Par courrier recommandé expédié le 02 janvier 2024, la SAS [7] a contesté cette mise en demeure devant la Commission de recours amiable.
Par requête expédiée le 26 janvier 2024, la SAS [7] a ensuite saisi le pôle social du tribunal judiciaire de Meaux en contestation de la décision implicite de rejet de la commission de recours amiable.
L’affaire a été appelée à l’audience du 30 septembre 2024.
La formation de jugement n’ayant pu se réunir conformément aux dispositions des articles L211-16 et L312-6-2 du code de l’organisation judiciaire, les parties présentes, dûment informées de la possibilité de renvoyer l’affaire à une audience ultérieure, ont donné leur accord pour que le président statue seul.
La SAS [7], représentée par son conseil, demande au tribunal de :
déclarer sa demande recevable et bien fondée,déclarer nulle, subsidiairement irrégulière et infondée, la procédure de remise en cause des exonérations exceptionnelles de cotisations patronales [4] et de l’aide au paiement déclarées en 2020 et 2021 diligentée par l’URSSAF,annuler la décision implicite de rejet par la commission de recours amiable de l’URSSAF, résultant du silence gardé par cette commission sur la demande d’annulation de la mise en demeure en date du 13 novembre 2023, qu’elle lui a adressée le 22 décembre 2023,annuler la mise en demeure de l’URSSAF du 13 novembre 2023,juger que les exonérations exceptionnelles de cotisations patronales [4] et l’aide au paiement déclarée en 2020 et 2021 restent acquises à son égard,condamner en conséquence l’URSSAF à lui rembourser le montant des exonérations de cotisations patronales [4] et de l’aide au paiement déclarées en 2020 et 2021, ainsi que les majorations afférentes, y compris au titre de l’échéancier de paiement accordé, le tout avec intérêts légaux à compter de la présente saisine du tribunal de céans,ordonner la capitalisation des intérêts échus par année entière à compter de la présente saisine du tribunal de céans,ordonner l’exécution provisoire du jugement,condamner l’URSSAF à lui verser la somme de 3.000,00 euros au titre de l’article 700 du code de procédure civile,condamner l’URSSAF aux entiers dépens.
Elle fait valoir que la procédure menée par l’URSSAF est irrégulière et doit être annulée, l’organisme n’ayant pas fait mention, dans sa lettre d’observations du 20 juin 2023, du délai de réponse de 30 jours prévu à l’article R243-43-4 du code de la sécurité sociale.

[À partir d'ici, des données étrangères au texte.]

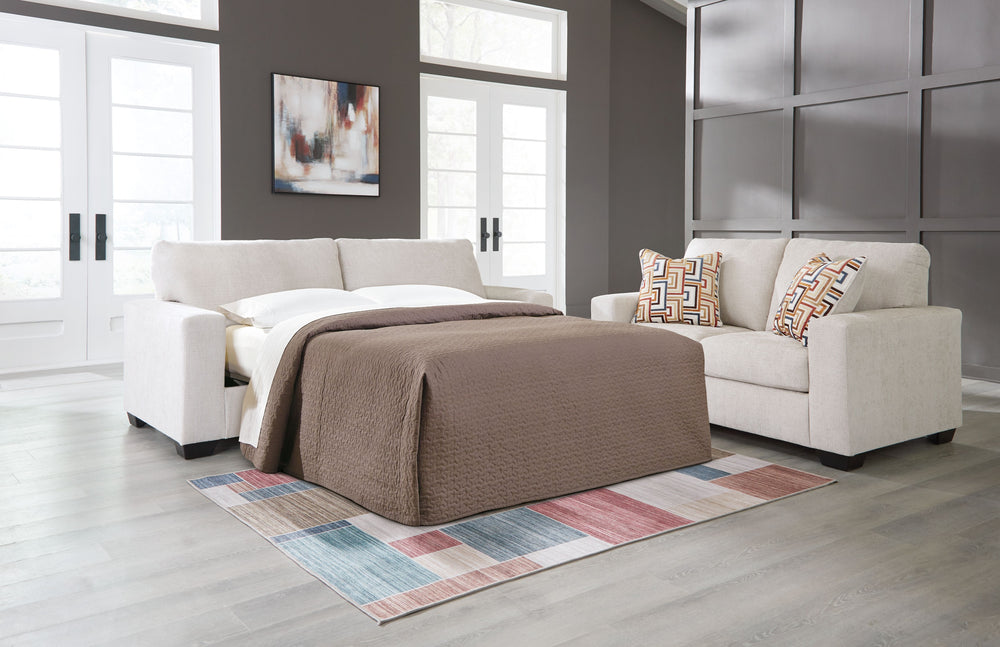 Looking to make a simply chic statement with color? Liven up your living room with this queen sofa sleeper. Its trend-right light neutral upholstery is a perfect blank canvas for adding pops of color. Bold and eclectic accent pillows complete the look. An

Elle soutient également que la fiabilisation des mesures [4] notifiée par l’URSSAF en date du 13 novembre 2023 est dépourvue de toute base légale, dans la mesure où cette mise en demeure a été envoyée avant la parution du décret d’application n°2023-1384 du 29 décembre 2023, publié au journal officiel le 1er janvier 2024 ; que cette mise en demeure doit donc être annulée pour défaut de base légale et violation du principe du contradictoire.
Elle allègue enfin que l’URSSAF a prononcé l’inéligibilité de SAS [7] aux aides et exonérations [4] sans s’interroger sur l’activité réellement exercée et en prenant en compte le seul code NAF, lequel n’a pourtant qu’une visée de classification statistique, ce qui est contraire à l’esprit des textes adoptés.
De son côté, l’URSSAF, représentée par son agent audiencier, s’en remet à la sagesse du tribunal et demande que le montant réclamé au titre de l’article 700 du code de procédure civile soit ramené à de plus justes proportions.
Conformément à l’article 455 du code de procédure civile, il sera renvoyé aux écritures des parties pour un plus ample exposé de leurs prétentions et moyens.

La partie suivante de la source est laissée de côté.